意図せずに呪いとして彼を苦しめていたその言葉は、考えられる範囲では、彼が捨てられる直前に吐かれたひどく心ない言葉。

恐らくは、それが今の今まで彼に狼男の呪いをかけ、その呪いが発動している間に受けた傷の治りを妨害していたのだろう。

 それが解けた今、彼の身体のなかに邪魔するものは何もない。

プリンは左手で彼の眼帯を取り去った後、ありったけの魔力を込めた右手を、ポトフの右目にかざした。


「――"リザレクション"っ!!」


思わず目を瞑る程のまばゆい光が、プリンとポトフを包み込む。

複雑な魔法陣が何重にも展開され、容赦なく術者の魔力を奪い去る。


「「!!」」


 ――"リザレクション"。

その名の通り、術者が対象とした人物を復活させる回復魔法。

完全に使いこなすことが出来れば、死者をも復活させることが出来るとも言われているこの魔法。

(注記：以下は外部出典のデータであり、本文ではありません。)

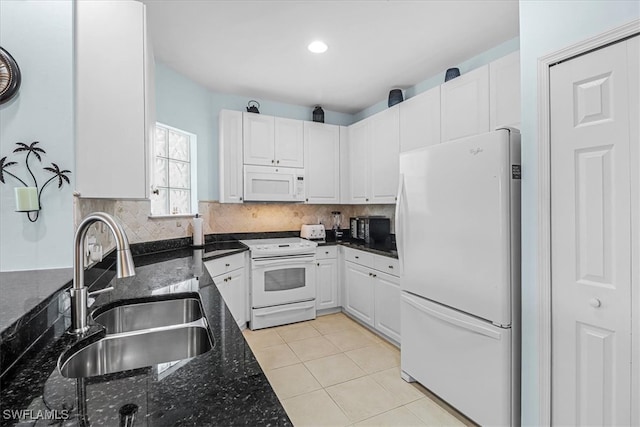 kitchen with white appliances, light tile patterned floors, dark stone counters, white cabinets, and sink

しかし、膨大な魔力と繊細なコントロール、細心の注意と複雑な知識を要することから、医者であっても使えるものはほんのわずか。


「……! ポトフの傷が……!」


 それをいっぱしの学生が使ってみせたことに、ココアとポトフは驚くばかり。


「ま、まく――」


光がおさまり、思わず閉じた瞳を開けると、ポトフはいつもとの違いにいち早く気が付いた。


「……!」


視界が、広がっている。


「右目が、治ってる?」


まさかそんなことが起きるとは、夢にも思っていなかったポトフ。

だって、あれだけエリアが回復魔法をかけても、全然治らなかったのに。


「……ふ……、よかっ」


彼の様子から、ちゃんと右目が機能していると知る。

 ふわりと微笑んだ後、くらっと倒れそうになったプリンを、


「お疲れさま」


ガシッと受け止めたのは、ミント。


「! ミント! もう倒し終わったのー?」


その姿に、ココアが労いの言葉を掛けようとしたところで、


「ううん。多すぎて無理」


ミントは、きっぱりと否定した。


「「え」」


ぱきっと固まったココアとポトフに向けて、ミントはにっこり笑ってみせると、


「逃げるよ!」


プリンを担いでσの背に乗ってそう言った。

直後、薔薇の鞭で器用にすくわれるココアとポトフ。


「ようし、エンジン全開! 出発進行ー!」


『迫る木々にご注意ください、なんだなぁ〜♪』


「ちょっ、ミント危な」


「ッイヤーーーーー?!」


『『ぐばばばばば!!』』


ミントとプリンを背中に乗せ、ココアとポトフをぶら下げながら、エンジンを全開にして駅に向かってかっ飛ばすσであった。